Insécurité alimentaire Dix ans après les émeutes de la faim, le CCFD pointe l'inaction internationale

AFP

Dix ans après l'envolée des prix agricoles et les émeutes de la faim dans 38 pays d'Afrique, l'ONG CCFD Terre Solidaire dresse un implacable constat de l'inefficacité de l'action internationale pour réduire la faim dans le monde, accusant la France de « schizophrénie » sur le sujet.

A l'occasion de la journée internationale de l'alimentation des Nations unies, l'ONG publie lundi un rapport montrant une montée de « l'insécurité alimentaire dans le monde », avec « une personne sur trois qui n'a pas accès à une alimentation équilibrée, saine et durable ».

Malgré de multiples engagements en ce sens, « nous n'avons pas réduit de moitié le nombre de personnes souffrant de la faim dans le monde. Et les chiffres de l'Organisation des Nations unies pour l'agriculture (FAO) publiés en septembre montrent que 815 millions de personnes dans le monde sont concernées », a déclaré à l'AFP Maureen Jorand, responsable du plaidoyer Souveraineté alimentaire au sein de l'ONG. « Il semble que l'on soit encore loin de l'objectif que la communauté internationale se fixe depuis plus de 40 ans de réduire par deux la faim dans le monde », ajoute le rapport.

Le Comité catholique contre la faim et pour le développement (CCFD) estime urgent de « lutter contre la volatilité des prix » et demande une régulation des marchés agricoles, « alors que se multiplient les traités de libre échange et autres accords de partenariat économique qui ne permettent pas aux pays de protéger leur agriculture, en particulier dans les pays en développement ». L'ONG épingle également les « impacts négatifs » de « certains investissements dans l'agriculture », comme « l'accaparement des terres » en Afrique ou en Asie, et « l'endettement des paysans ».
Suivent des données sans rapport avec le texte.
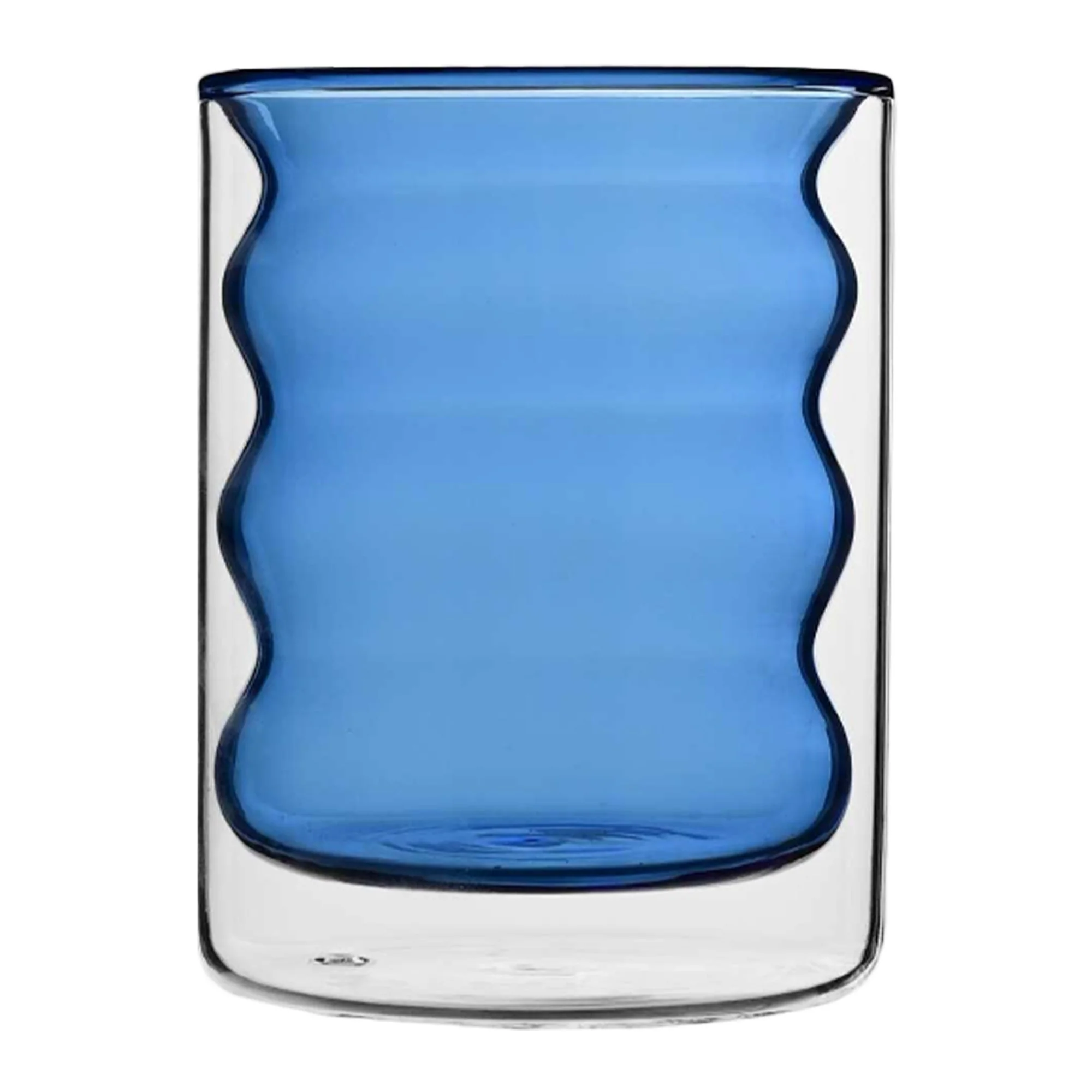 Tasse colorée double paroi - Vert - Image 4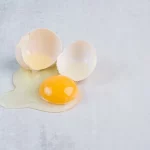 Kiaušinio trynio spalva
Le CCFD est particulièrement sévère pour une initiative internationale lancée en mai 2012 (nouvelle alliance du G8) afin de lutter contre l'insécurité alimentaire en Afrique, qui a surtout débouché sur l'ouverture des marchés agricoles africains à des multinationales et sur l'implantation de grands projets d'agro-business, mais n'a guère contribué à nourrir les populations.

En France, le CCFD critique la « schizophrénie » des Etats-généraux de l'alimentation en cours où se discutent avec des objectifs « potentiellement divergents » la « conquête de marchés agricoles à l'international par les entreprises françaises » et « la politique de coopération pour la sécurité alimentaire mondiale ». Pour l'ONG, la lutte contre l'insécurité alimentaire et nutritionnelle suppose « une transition et des choix clairs de modèles agricoles et de systèmes alimentaires ».